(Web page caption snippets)
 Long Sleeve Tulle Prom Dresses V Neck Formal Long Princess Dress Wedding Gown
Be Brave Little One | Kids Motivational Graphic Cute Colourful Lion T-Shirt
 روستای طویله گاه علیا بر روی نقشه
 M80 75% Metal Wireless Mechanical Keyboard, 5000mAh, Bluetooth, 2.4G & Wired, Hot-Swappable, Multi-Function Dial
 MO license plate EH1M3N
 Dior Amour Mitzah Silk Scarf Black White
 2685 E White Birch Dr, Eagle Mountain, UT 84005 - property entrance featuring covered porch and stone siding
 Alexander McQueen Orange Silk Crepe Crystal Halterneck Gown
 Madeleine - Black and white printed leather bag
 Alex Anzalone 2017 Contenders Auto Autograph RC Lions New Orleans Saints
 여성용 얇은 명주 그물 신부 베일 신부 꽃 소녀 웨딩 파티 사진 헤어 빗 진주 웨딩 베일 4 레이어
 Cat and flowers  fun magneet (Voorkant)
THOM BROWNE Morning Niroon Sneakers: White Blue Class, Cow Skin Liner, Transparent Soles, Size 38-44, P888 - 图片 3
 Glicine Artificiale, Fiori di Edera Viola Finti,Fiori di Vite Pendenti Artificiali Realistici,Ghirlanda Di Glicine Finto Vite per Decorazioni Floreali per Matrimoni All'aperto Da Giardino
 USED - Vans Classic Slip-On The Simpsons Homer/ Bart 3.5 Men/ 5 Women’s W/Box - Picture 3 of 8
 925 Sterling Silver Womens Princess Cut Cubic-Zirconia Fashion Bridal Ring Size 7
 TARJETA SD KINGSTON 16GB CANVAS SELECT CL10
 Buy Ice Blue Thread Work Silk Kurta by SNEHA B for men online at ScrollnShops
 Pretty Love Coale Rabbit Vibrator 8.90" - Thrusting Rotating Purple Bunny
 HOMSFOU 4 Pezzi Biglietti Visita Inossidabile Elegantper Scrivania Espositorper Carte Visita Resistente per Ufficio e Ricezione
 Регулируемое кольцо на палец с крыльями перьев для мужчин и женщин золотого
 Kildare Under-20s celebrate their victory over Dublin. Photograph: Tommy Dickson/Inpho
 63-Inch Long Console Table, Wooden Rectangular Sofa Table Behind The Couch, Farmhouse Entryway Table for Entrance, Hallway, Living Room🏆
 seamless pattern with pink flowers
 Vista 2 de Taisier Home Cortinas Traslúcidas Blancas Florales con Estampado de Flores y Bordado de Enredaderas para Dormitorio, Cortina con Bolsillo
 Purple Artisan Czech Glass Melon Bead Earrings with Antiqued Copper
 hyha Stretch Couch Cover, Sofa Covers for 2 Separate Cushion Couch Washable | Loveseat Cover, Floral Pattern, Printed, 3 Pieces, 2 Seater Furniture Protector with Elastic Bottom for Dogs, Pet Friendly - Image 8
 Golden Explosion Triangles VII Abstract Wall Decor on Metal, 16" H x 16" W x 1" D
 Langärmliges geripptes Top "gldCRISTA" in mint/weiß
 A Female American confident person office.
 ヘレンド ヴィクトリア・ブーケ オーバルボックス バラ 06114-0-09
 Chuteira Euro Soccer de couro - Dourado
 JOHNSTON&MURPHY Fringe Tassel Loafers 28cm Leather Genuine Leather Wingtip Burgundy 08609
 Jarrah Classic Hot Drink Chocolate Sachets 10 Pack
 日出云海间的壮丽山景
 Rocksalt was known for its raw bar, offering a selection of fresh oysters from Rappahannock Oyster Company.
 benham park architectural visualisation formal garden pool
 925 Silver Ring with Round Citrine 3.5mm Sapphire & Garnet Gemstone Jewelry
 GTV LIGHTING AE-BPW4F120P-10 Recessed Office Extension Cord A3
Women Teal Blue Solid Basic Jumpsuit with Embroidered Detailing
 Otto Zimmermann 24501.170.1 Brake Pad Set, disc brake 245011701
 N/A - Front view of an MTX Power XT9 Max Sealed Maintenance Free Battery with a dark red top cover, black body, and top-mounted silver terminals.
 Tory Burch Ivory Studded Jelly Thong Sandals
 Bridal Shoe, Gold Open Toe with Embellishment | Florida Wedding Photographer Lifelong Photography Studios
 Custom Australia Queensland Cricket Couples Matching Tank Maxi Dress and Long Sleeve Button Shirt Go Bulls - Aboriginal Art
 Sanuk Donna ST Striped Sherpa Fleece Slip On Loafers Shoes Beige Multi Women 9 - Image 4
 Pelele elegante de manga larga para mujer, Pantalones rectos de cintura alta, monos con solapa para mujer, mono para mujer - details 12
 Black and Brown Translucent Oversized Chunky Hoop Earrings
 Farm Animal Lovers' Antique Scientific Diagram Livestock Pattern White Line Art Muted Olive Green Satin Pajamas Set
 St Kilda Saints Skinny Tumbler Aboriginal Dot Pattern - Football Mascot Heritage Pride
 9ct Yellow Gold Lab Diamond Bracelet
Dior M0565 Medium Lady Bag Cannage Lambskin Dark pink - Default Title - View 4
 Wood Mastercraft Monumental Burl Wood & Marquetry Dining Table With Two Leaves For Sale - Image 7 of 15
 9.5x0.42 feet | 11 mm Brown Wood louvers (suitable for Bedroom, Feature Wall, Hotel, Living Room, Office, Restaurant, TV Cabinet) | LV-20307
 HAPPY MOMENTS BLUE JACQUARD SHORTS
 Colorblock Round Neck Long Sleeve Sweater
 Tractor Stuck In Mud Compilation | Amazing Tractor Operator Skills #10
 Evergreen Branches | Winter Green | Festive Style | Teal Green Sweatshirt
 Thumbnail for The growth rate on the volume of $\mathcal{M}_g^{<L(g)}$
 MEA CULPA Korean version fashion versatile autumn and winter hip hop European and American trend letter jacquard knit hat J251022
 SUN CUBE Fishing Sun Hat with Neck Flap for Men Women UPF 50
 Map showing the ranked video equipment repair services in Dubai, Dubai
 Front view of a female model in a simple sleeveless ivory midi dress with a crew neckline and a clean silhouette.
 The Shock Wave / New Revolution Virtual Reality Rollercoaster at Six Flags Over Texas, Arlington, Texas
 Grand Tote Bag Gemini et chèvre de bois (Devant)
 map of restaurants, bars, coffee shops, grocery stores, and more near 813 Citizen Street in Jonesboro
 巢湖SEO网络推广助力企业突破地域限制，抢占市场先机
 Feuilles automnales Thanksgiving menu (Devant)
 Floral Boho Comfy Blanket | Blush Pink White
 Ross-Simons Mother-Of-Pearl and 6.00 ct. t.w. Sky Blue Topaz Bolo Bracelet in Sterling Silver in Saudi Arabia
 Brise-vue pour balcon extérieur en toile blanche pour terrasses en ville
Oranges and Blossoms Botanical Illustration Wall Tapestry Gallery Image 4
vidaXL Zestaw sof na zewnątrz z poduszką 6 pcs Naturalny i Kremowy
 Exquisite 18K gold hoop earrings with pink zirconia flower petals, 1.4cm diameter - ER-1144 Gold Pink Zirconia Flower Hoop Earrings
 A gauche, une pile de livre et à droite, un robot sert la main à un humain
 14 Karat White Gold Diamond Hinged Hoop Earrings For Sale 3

◆ **INSTRUCTIONS FOR THE TASK**: Look through the entries and give the number of lines containing the word "Zirconia". Add nothing else.

◆ **YOUR RESPONSE**: 2